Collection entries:

>>>>>

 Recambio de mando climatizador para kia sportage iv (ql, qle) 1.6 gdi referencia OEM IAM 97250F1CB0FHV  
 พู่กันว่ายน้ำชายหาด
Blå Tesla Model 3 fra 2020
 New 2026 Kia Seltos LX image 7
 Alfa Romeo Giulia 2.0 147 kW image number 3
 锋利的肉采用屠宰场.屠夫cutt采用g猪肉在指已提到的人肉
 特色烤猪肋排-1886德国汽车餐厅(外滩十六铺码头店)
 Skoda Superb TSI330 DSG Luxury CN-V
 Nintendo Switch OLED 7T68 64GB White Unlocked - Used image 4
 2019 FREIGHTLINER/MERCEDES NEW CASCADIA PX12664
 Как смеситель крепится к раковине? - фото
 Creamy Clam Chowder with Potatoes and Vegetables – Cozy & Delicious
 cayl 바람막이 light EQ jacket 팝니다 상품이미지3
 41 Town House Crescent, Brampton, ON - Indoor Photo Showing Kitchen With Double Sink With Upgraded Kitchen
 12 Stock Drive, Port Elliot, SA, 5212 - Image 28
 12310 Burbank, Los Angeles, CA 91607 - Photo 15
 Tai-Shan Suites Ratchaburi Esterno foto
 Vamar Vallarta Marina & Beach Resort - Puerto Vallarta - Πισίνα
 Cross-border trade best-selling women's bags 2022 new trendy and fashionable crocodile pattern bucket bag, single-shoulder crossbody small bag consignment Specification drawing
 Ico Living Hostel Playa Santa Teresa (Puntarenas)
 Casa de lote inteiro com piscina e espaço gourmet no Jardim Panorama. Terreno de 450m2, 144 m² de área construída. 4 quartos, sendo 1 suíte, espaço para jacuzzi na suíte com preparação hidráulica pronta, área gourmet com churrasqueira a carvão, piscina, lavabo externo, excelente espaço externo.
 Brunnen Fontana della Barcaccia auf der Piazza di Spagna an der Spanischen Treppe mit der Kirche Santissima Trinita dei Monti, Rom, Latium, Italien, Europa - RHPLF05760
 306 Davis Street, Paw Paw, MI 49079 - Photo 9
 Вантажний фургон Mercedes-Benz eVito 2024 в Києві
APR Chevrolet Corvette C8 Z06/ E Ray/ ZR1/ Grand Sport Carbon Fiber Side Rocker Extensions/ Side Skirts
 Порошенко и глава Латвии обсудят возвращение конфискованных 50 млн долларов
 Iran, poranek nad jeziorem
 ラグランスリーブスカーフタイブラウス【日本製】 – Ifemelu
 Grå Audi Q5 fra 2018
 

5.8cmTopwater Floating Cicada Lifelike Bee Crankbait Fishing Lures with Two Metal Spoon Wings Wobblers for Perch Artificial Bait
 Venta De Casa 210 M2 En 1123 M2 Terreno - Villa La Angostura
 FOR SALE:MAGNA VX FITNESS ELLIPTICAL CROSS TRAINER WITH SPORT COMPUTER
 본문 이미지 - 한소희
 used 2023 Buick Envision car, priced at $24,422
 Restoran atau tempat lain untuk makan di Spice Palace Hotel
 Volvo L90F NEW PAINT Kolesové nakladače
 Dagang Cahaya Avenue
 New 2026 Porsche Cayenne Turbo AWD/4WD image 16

<<<<<

▶ **THE TASK**
Copy, from the data above, every line where the word "Photo" appears.

▶ **ANSWER FOR THIS EXERCISE**
 41 Town House Crescent, Brampton, ON - Indoor Photo Showing Kitchen With Double Sink With Upgraded Kitchen
 12310 Burbank, Los Angeles, CA 91607 - Photo 15
 306 Davis Street, Paw Paw, MI 49079 - Photo 9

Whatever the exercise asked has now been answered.